-- Aim of the exercise --
Write out exactly the lines below starting at the one containing "Since then, this" and ending at the one containing "The pouch in". Omit every picture.

-- Given data --
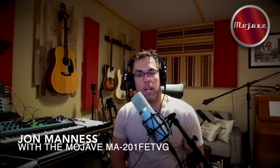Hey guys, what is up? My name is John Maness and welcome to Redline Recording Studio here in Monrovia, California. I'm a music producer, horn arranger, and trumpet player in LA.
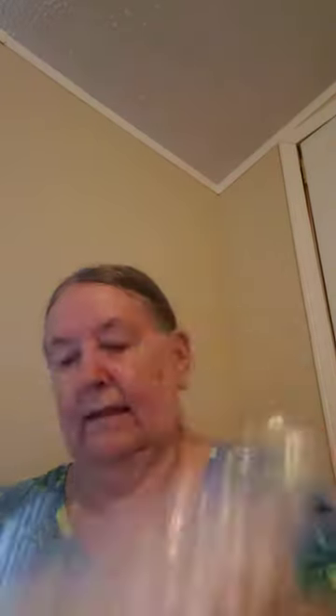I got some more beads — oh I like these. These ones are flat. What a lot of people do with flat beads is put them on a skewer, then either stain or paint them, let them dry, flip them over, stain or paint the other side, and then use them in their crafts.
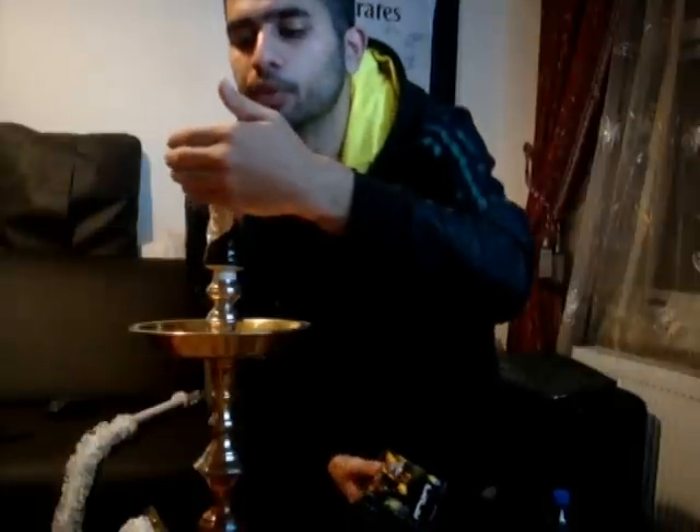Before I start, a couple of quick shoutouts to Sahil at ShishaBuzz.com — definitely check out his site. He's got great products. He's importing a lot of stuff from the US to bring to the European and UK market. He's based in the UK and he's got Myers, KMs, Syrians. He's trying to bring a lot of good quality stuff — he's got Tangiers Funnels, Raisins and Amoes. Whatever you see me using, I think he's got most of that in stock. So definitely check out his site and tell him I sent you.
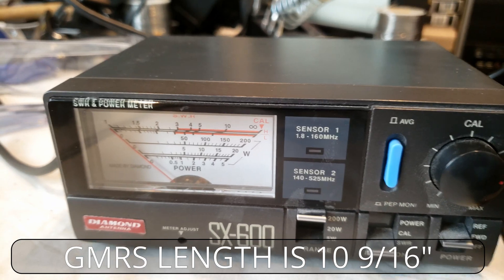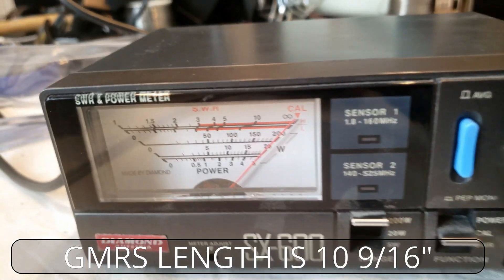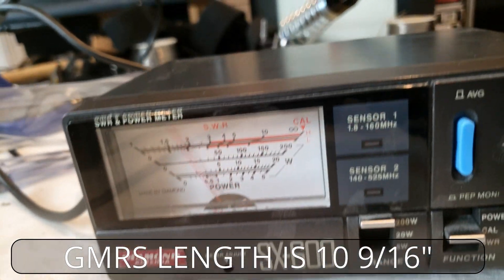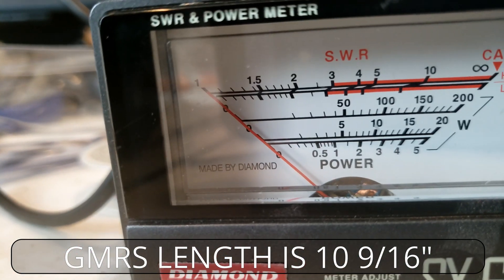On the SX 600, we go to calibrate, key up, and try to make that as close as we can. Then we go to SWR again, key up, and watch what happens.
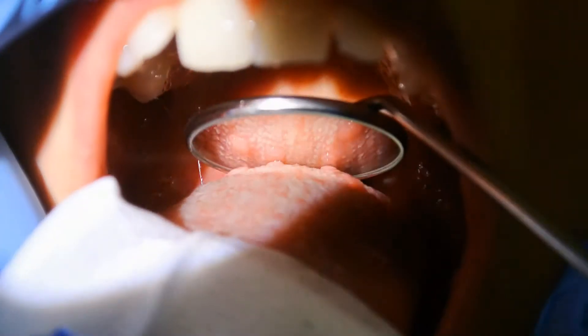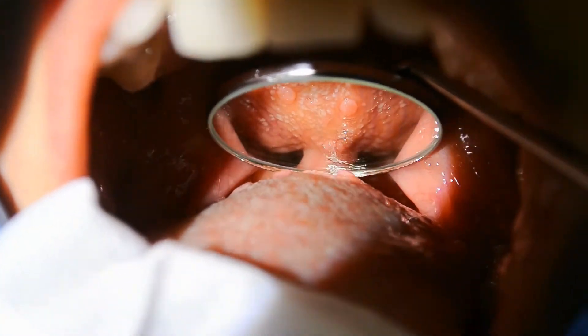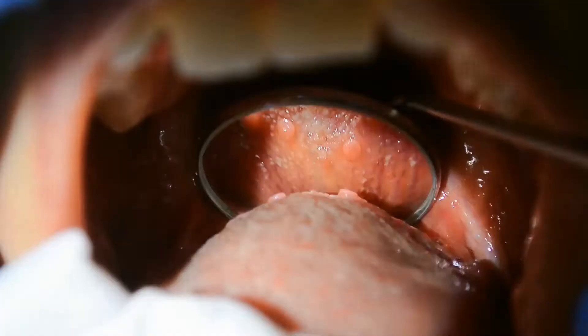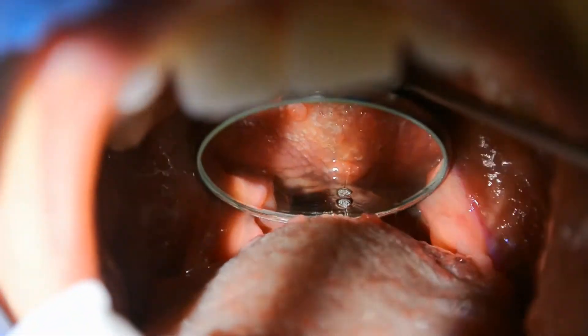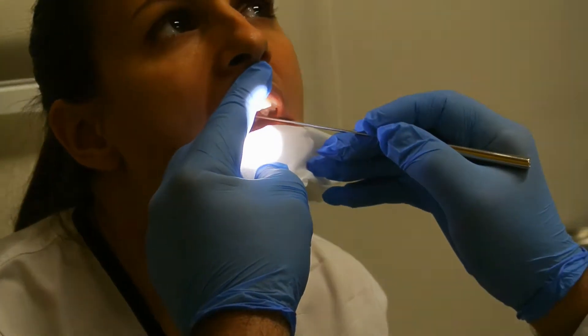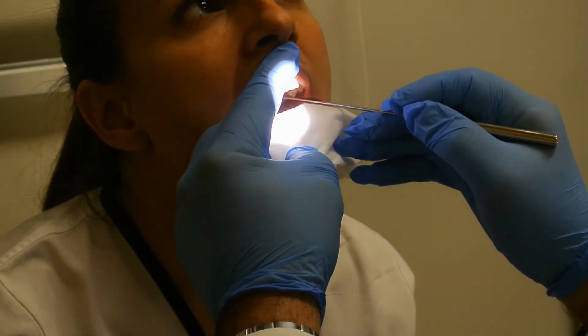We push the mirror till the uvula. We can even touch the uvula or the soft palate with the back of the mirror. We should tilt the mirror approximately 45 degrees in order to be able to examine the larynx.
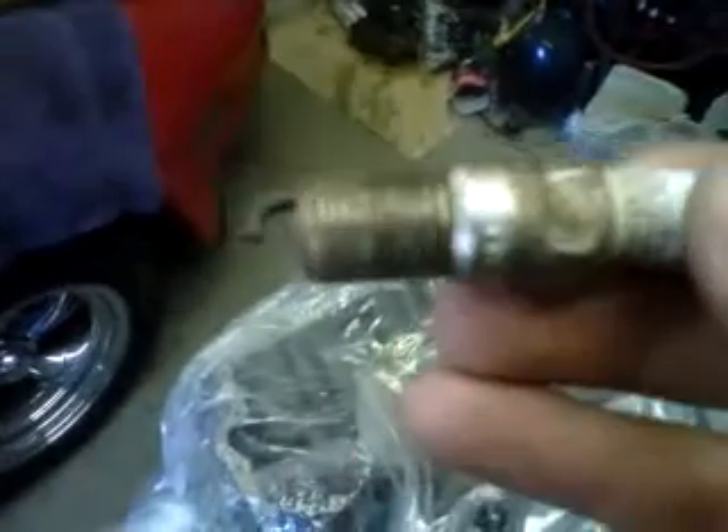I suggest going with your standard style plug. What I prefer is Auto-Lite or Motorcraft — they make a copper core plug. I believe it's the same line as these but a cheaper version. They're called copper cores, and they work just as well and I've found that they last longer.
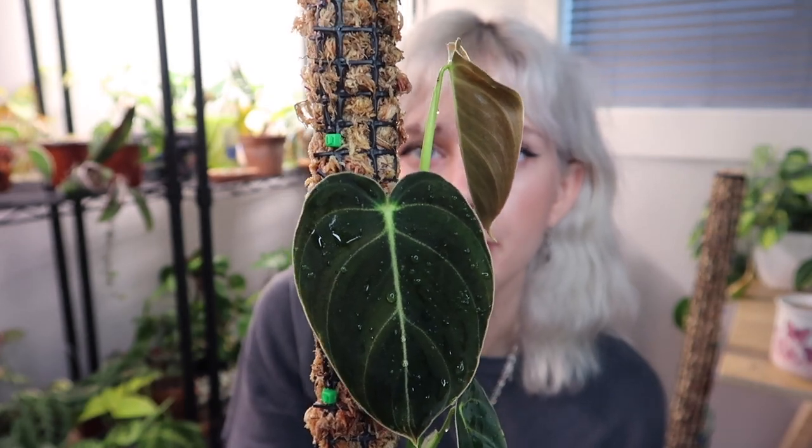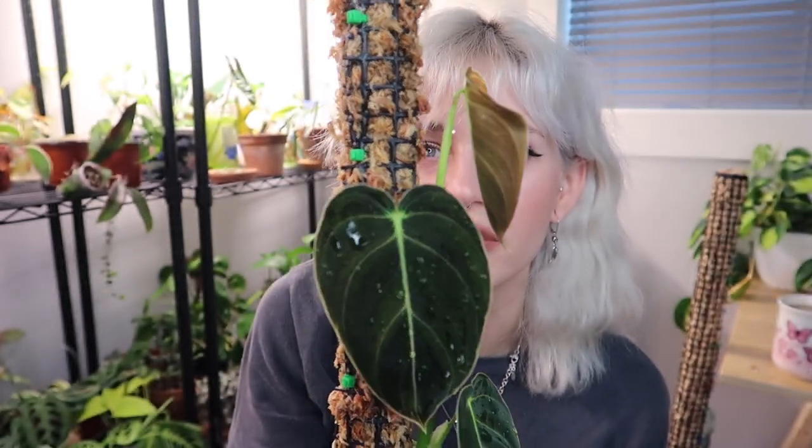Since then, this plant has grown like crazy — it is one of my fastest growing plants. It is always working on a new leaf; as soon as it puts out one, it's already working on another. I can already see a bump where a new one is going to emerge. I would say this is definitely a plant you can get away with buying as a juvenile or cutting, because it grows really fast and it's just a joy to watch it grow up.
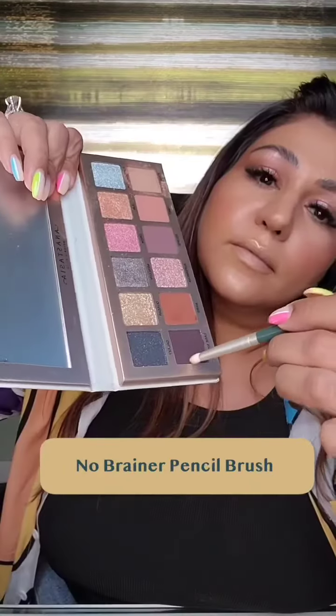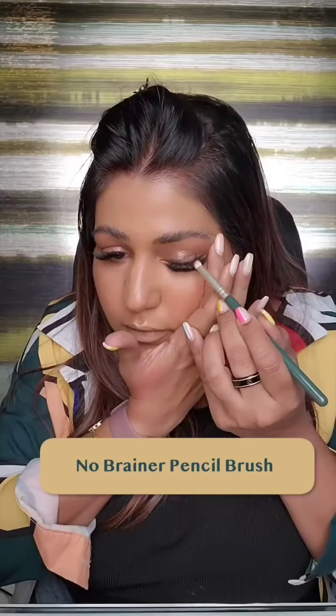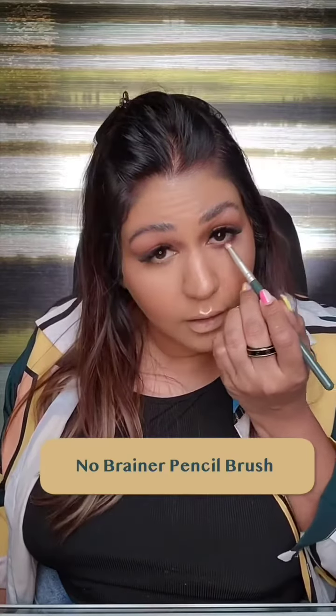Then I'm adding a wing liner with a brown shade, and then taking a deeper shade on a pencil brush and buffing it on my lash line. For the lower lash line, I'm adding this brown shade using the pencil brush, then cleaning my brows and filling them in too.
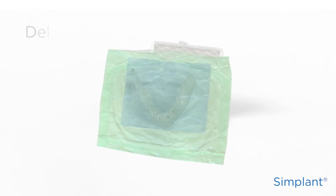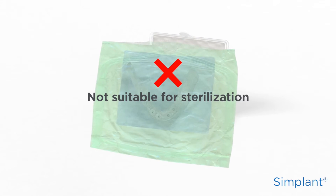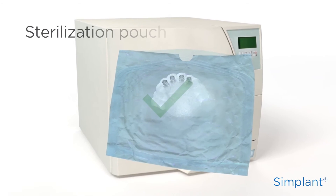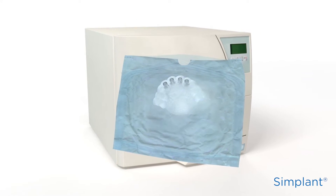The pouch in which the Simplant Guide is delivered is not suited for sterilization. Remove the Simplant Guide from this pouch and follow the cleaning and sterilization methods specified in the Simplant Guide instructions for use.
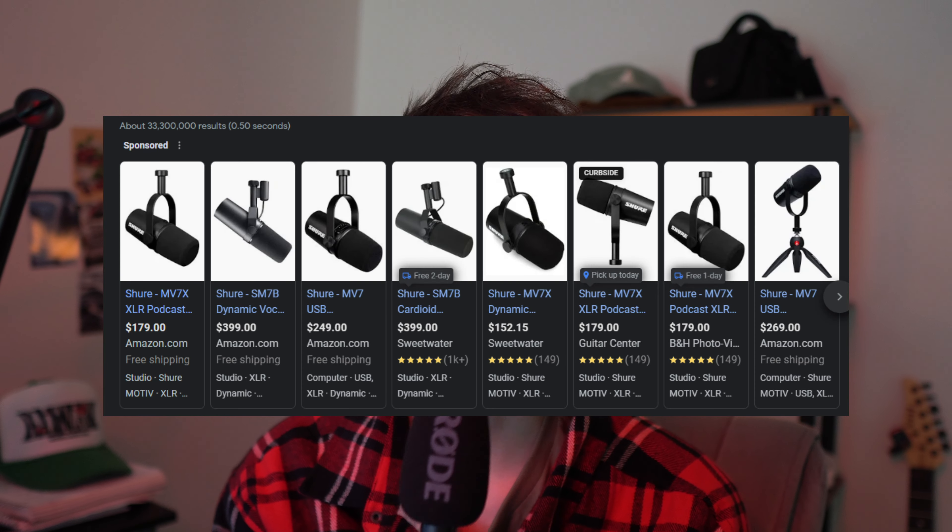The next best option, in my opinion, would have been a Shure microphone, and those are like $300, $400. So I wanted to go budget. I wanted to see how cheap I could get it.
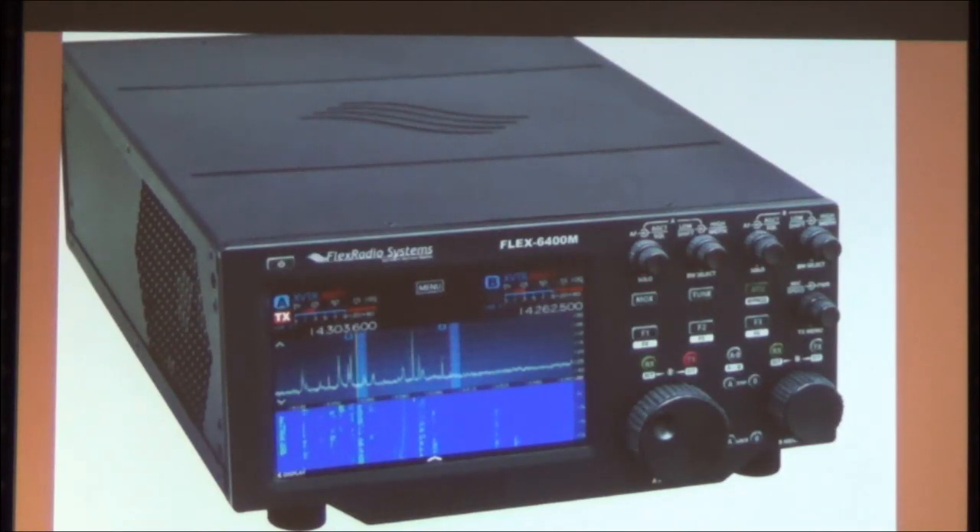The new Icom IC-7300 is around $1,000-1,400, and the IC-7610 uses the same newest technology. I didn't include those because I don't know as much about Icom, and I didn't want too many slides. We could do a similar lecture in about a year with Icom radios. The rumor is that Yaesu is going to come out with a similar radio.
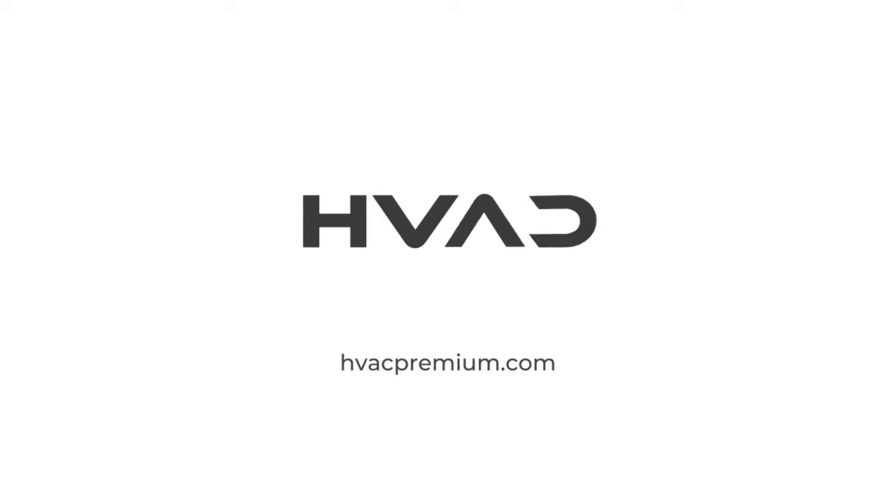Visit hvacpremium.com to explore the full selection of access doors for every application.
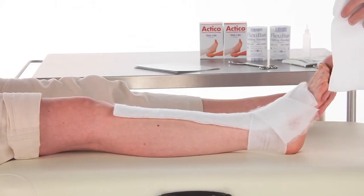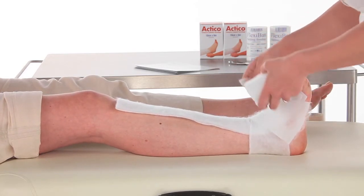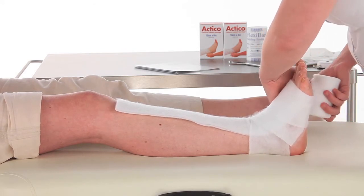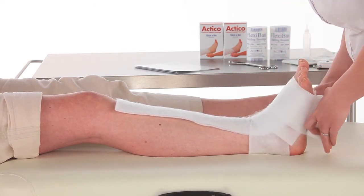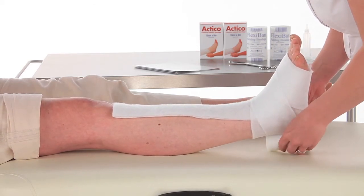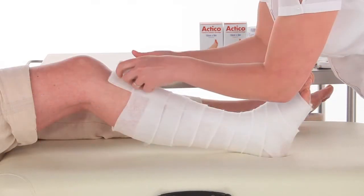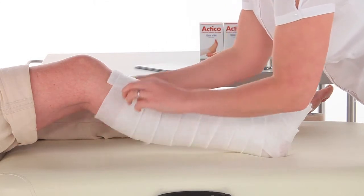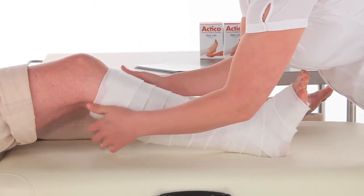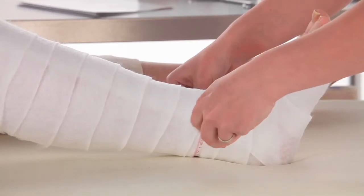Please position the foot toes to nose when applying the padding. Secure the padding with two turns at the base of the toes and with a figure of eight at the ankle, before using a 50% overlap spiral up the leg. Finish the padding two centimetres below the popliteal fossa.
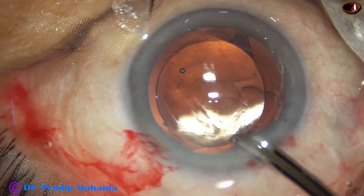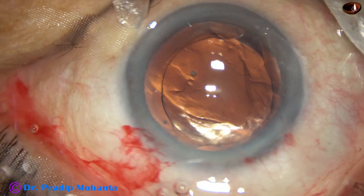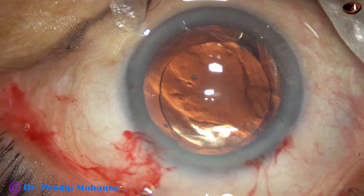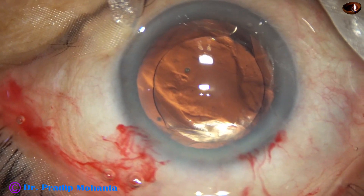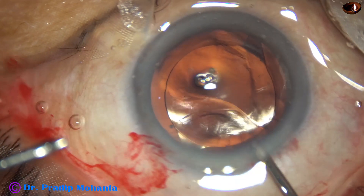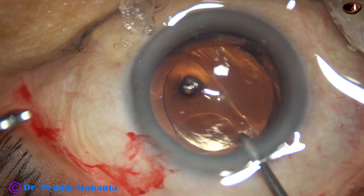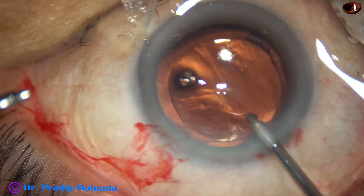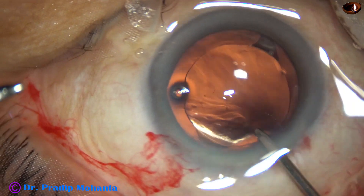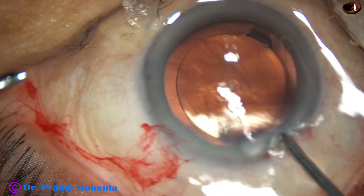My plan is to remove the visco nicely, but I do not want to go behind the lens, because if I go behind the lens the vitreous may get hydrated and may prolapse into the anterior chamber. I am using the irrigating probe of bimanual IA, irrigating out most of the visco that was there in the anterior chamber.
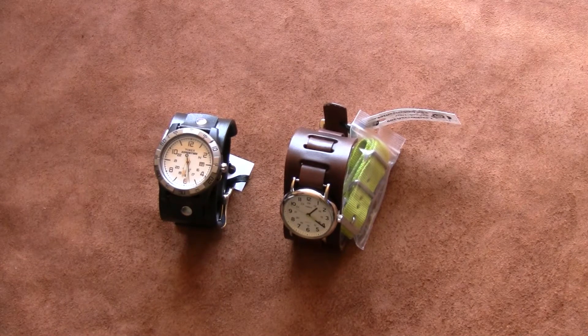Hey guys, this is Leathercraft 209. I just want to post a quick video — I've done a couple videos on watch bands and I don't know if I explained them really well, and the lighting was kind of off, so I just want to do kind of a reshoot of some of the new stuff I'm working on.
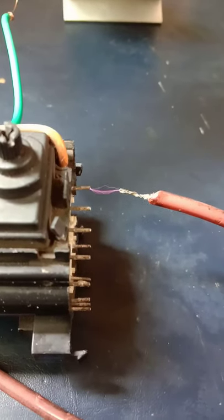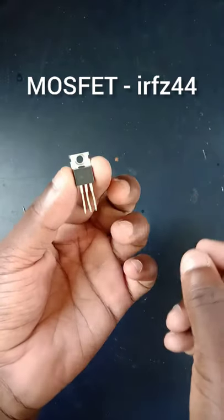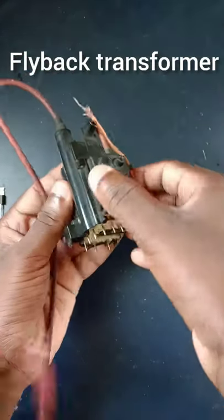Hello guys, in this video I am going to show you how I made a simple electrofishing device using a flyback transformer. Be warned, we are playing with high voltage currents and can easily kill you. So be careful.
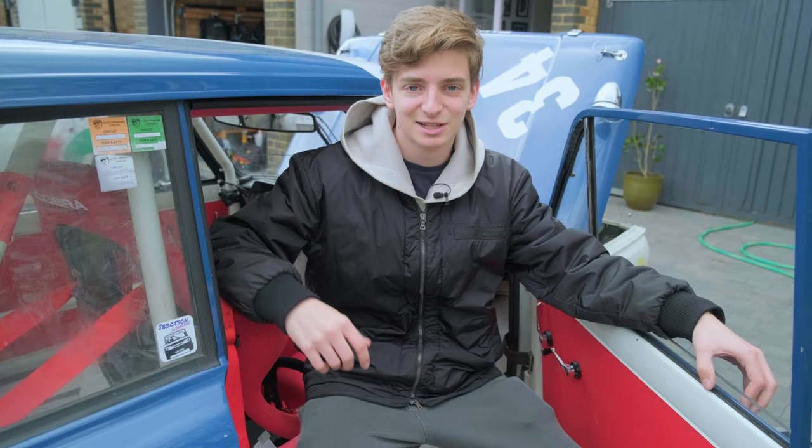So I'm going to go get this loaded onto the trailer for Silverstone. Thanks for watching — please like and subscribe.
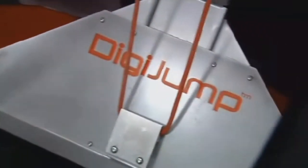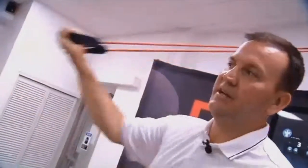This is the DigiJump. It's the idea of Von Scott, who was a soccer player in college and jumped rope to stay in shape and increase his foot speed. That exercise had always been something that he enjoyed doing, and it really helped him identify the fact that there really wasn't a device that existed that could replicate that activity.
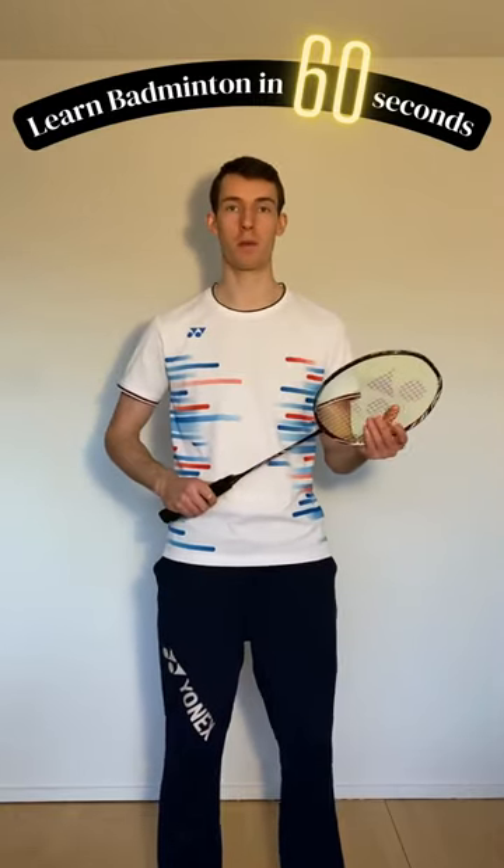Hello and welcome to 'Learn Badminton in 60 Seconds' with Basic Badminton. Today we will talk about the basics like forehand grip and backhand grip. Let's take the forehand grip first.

-- Exercise result --
Since then, this plant has grown like crazy — it is one of my fastest growing plants. It is always working on a new leaf; as soon as it puts out one, it's already working on another. I can already see a bump where a new one is going to emerge. I would say this is definitely a plant you can get away with buying as a juvenile or cutting, because it grows really fast and it's just a joy to watch it grow up.
Then I'm adding a wing liner with a brown shade, and then taking a deeper shade on a pencil brush and buffing it on my lash line. For the lower lash line, I'm adding this brown shade using the pencil brush, then cleaning my brows and filling them in too.
The pouch in which the Simplant Guide is delivered is not suited for sterilization. Remove the Simplant Guide from this pouch and follow the cleaning and sterilization methods specified in the Simplant Guide instructions for use.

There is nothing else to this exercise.